An anonymous director reports
AETERNA ZENTARIS ANNOUNCES EFFECTIVE DATE OF SHARE CONSOLIDATION
Aeterna Zentaris Inc. has filed articles of amendment to effect the previously announced share consolidation (or reverse stock split) of its issued and outstanding common shares on the basis of one postconsolidation common share for every 25 preconsolidation common shares.
Aeterna expects that the price of its common shares will reflect the consolidation by July 21, 2022, marking a positive outcome for the company as it works to further its development pipeline. Aeterna's board of directors also thanks all shareholders for their support of the consolidation initiative.
The consolidation will reduce the number of common shares issued and outstanding from approximately 121,397,007 common shares to approximately 4,855,876 common shares. The common shares are expected to commence trading on the Toronto Stock Exchange and on the Nasdaq Capital Market on a postconsolidation basis on or about the opening of trading on July 21, 2022.
Remaining listed on Nasdaq is important to the company's performance and corporate visibility, as well as overall awareness of Aeterna to current and potential investors. Aeterna proceeded with the consolidation to satisfy Nasdaq's minimum bid price requirement. Under this rule, if the company fails to meet a minimum bid price for its common shares above $1 (U.S.), for a minimum of at least 10 consecutive days before July 25, 2022, the company could be subject to delisting from Nasdaq unless the company timely requests a hearing before a Nasdaq hearings panel. While the consolidation is expected to result in Aeterna's common shares achieving the requisite minimum bid price by later this week, the company will not meet the requirement for the common shares to trade at this level for a minimum of 10 consecutive days before July 25, 2022. However, Aeterna expects to be in full compliance with the Nasdaq listing rules by Aug. 3, 2022, having traded for a minimum of 10 consecutive business days at or above $1 per common share by that date.
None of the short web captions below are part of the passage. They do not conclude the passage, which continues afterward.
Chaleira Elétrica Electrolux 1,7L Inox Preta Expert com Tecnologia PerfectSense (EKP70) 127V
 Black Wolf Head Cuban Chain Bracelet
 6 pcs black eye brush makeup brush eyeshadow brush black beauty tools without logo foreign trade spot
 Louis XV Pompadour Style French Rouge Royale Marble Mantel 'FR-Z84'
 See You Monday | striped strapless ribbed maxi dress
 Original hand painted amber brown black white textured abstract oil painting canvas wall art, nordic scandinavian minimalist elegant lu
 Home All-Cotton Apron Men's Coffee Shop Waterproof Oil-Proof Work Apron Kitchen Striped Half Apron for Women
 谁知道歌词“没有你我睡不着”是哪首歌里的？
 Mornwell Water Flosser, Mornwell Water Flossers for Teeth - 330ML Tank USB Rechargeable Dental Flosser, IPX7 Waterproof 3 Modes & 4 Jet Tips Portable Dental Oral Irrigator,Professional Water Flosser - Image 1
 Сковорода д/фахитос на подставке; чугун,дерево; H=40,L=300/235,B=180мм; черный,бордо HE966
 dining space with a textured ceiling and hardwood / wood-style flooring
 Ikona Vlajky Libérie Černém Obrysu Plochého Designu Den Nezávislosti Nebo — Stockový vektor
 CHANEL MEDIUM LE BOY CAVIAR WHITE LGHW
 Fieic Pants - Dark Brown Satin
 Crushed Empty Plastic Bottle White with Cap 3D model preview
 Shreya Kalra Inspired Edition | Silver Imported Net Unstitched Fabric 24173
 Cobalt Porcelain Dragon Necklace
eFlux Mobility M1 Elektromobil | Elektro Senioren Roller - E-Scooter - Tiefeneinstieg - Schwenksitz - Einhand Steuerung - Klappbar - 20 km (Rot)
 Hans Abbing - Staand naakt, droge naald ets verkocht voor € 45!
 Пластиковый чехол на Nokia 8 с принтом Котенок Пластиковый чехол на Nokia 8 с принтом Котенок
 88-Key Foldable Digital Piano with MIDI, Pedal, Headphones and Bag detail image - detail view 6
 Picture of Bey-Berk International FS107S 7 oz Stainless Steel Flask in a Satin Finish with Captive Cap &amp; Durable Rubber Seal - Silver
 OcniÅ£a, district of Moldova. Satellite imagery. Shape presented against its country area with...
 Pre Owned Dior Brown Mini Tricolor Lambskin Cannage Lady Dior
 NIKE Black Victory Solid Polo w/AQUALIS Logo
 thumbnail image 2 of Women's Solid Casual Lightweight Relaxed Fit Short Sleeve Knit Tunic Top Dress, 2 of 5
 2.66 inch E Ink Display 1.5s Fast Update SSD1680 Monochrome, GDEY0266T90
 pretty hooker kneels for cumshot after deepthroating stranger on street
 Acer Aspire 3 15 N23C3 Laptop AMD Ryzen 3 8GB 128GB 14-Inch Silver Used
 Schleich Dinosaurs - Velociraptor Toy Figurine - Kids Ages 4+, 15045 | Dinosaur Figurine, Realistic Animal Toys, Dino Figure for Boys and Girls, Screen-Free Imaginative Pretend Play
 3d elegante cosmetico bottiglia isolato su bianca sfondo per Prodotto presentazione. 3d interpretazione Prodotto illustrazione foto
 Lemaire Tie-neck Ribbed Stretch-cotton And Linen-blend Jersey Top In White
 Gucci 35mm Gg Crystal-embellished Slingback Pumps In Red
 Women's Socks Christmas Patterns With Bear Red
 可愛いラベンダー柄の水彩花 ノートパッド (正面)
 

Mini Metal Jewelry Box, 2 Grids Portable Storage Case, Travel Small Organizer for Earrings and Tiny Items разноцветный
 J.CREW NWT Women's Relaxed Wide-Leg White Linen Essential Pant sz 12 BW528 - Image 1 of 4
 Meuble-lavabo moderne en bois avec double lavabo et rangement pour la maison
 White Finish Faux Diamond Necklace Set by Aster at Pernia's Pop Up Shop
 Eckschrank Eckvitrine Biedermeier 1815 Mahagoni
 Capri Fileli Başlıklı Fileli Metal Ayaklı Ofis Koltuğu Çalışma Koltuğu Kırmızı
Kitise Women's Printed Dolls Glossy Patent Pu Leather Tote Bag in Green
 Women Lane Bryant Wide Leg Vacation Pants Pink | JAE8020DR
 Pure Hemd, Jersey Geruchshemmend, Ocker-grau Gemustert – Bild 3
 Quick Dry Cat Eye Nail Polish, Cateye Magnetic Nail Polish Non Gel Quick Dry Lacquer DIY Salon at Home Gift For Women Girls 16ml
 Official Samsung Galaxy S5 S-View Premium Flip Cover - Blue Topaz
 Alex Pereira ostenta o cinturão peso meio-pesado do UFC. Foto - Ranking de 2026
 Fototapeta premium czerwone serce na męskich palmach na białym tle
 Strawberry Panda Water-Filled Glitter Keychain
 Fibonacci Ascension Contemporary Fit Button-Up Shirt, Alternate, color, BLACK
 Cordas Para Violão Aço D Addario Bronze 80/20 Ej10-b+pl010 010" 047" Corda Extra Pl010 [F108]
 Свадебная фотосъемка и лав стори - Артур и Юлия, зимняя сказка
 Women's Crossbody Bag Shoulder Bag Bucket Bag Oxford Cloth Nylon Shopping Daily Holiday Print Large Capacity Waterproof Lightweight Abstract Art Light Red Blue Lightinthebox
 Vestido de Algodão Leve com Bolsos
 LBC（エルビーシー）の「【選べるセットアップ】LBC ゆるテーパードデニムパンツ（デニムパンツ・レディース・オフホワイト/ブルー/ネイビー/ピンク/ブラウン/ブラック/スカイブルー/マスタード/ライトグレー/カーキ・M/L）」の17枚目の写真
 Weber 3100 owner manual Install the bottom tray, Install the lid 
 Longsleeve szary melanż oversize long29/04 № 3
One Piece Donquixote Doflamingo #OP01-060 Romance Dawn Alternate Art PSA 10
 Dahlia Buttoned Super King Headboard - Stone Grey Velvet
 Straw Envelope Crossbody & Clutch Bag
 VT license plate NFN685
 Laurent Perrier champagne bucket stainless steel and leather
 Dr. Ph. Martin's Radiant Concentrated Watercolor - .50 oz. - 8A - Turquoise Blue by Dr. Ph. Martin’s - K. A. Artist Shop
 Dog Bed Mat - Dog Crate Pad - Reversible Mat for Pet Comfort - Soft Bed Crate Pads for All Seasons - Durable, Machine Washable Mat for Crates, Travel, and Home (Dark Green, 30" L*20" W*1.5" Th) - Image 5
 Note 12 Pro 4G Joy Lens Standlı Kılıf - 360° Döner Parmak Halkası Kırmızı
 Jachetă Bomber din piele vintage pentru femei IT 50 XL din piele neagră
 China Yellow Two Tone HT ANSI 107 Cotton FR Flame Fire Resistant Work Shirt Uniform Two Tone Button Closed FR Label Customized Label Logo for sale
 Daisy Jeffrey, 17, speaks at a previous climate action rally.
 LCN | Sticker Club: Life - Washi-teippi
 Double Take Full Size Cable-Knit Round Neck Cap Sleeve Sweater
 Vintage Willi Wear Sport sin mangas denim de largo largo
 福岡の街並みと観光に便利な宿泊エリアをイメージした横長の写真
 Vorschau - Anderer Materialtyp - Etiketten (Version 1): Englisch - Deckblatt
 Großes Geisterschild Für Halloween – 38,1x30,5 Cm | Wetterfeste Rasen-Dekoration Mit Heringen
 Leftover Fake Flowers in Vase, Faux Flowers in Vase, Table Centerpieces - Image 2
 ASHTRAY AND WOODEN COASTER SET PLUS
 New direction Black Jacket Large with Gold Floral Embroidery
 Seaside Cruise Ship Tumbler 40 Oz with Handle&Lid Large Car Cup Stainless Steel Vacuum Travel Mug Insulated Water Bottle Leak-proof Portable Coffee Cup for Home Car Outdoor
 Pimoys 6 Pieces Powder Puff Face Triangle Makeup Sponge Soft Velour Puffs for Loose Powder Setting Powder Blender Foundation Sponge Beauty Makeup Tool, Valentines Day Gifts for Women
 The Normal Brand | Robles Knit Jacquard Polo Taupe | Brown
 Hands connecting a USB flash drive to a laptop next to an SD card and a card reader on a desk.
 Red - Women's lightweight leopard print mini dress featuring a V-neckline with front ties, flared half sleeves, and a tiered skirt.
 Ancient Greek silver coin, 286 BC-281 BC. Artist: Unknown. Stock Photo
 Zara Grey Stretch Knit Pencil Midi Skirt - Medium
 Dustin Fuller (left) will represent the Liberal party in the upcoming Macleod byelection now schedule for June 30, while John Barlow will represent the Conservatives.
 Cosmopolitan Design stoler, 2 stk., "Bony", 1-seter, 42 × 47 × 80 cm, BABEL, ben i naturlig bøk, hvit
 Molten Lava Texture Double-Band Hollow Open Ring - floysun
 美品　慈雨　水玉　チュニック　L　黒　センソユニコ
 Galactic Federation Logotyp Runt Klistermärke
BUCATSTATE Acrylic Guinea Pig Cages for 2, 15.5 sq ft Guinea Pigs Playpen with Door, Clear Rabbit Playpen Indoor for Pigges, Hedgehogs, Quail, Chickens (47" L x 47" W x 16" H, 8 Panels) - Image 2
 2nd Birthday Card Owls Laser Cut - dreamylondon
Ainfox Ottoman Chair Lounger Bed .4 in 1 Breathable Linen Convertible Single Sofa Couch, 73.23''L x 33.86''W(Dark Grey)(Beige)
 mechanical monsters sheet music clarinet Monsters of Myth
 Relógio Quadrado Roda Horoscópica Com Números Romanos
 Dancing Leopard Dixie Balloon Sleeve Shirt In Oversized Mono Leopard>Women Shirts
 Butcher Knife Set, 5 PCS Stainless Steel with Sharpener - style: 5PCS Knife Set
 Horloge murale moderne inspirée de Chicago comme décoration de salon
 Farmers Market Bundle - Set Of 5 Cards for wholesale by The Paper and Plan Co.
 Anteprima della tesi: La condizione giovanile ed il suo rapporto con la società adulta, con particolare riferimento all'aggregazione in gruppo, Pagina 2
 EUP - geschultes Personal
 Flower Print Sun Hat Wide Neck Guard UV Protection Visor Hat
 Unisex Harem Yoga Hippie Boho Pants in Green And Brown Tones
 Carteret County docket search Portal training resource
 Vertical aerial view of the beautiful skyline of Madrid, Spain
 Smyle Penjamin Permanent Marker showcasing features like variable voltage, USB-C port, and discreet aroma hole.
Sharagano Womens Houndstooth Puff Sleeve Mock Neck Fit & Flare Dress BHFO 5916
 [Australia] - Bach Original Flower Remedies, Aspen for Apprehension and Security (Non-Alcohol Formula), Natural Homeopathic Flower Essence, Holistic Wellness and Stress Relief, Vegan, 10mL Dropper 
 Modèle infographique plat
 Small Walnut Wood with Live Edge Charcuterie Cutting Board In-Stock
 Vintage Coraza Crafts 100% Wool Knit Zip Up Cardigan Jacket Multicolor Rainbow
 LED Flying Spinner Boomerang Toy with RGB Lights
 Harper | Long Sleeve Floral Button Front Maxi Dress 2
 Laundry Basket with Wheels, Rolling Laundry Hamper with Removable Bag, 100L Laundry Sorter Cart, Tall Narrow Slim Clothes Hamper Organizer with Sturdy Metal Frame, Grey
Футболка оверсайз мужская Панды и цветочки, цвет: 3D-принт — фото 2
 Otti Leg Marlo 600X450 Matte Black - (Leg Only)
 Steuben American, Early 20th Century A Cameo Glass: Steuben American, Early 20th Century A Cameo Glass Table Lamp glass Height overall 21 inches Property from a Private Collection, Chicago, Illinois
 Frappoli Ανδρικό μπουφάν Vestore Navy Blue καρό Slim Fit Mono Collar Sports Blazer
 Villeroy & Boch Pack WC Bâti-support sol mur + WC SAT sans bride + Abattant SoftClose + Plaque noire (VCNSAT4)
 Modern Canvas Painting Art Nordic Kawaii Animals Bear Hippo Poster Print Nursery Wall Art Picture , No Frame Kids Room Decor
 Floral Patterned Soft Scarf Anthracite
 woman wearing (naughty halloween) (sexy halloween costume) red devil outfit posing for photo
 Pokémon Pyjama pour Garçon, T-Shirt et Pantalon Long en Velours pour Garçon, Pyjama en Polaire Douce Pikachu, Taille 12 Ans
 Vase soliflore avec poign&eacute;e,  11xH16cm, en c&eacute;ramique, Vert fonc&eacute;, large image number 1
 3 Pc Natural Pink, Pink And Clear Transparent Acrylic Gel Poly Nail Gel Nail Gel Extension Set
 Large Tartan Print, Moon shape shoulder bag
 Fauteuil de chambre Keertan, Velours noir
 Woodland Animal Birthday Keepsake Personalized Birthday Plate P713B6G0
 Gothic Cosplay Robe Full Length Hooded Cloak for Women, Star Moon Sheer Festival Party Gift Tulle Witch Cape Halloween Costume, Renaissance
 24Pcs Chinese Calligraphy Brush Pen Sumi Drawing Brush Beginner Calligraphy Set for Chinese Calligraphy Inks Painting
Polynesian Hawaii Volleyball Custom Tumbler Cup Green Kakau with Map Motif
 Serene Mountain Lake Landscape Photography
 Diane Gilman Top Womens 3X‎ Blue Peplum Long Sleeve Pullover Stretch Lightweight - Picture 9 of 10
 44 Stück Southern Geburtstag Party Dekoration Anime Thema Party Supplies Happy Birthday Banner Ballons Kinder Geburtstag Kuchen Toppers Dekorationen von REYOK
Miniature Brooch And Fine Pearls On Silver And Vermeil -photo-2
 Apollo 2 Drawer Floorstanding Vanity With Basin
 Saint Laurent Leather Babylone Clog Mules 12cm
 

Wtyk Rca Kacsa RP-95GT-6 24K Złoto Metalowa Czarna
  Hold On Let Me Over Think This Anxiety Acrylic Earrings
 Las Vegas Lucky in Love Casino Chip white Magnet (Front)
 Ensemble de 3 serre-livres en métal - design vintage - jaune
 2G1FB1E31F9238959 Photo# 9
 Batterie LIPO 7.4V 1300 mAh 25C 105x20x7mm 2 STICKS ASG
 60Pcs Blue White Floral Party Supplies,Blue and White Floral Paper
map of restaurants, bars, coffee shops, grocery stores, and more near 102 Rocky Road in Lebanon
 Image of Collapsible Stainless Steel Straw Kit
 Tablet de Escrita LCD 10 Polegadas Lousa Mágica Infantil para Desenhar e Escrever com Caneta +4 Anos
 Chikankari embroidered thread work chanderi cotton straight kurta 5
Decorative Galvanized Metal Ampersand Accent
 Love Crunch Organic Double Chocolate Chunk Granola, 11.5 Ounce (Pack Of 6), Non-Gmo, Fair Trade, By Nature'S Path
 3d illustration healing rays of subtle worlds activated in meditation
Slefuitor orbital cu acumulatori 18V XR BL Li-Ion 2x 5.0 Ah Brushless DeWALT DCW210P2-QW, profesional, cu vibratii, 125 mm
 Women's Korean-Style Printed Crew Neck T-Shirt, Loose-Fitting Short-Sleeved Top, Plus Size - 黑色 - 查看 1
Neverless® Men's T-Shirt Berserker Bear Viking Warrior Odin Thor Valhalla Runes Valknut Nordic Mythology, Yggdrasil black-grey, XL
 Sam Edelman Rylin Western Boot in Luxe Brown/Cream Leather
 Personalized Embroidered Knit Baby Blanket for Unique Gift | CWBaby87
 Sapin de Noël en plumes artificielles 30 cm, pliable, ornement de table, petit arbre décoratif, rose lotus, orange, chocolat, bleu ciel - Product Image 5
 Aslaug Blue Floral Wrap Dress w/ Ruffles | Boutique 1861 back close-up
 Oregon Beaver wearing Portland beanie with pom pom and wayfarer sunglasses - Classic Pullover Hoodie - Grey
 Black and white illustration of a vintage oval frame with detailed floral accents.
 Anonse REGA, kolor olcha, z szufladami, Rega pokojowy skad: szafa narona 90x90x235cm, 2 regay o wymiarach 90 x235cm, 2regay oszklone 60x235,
Given that the company does not expect to trade at or above $1 per common share for 10 consecutive trading days by July 25, 2022, the current expiration date of its grace period, the company expects to receive a notice of delisting during the week of July 25, 2022. Such notice would afford the company seven calendar days to request a hearing. If the company has not been deemed in compliance by the due date for requesting a hearing, the company intends to timely request a hearing. The hearing request will automatically stay any suspension or delisting action pending the conclusion of the hearings process. Should the company regain compliance after it has requested a hearing, the company expects that the hearing will be cancelled, provided it meets all other requirements for continued listing at the time. At present, the company meets all other requirements for continued listing, with the exception of the bid price requirement.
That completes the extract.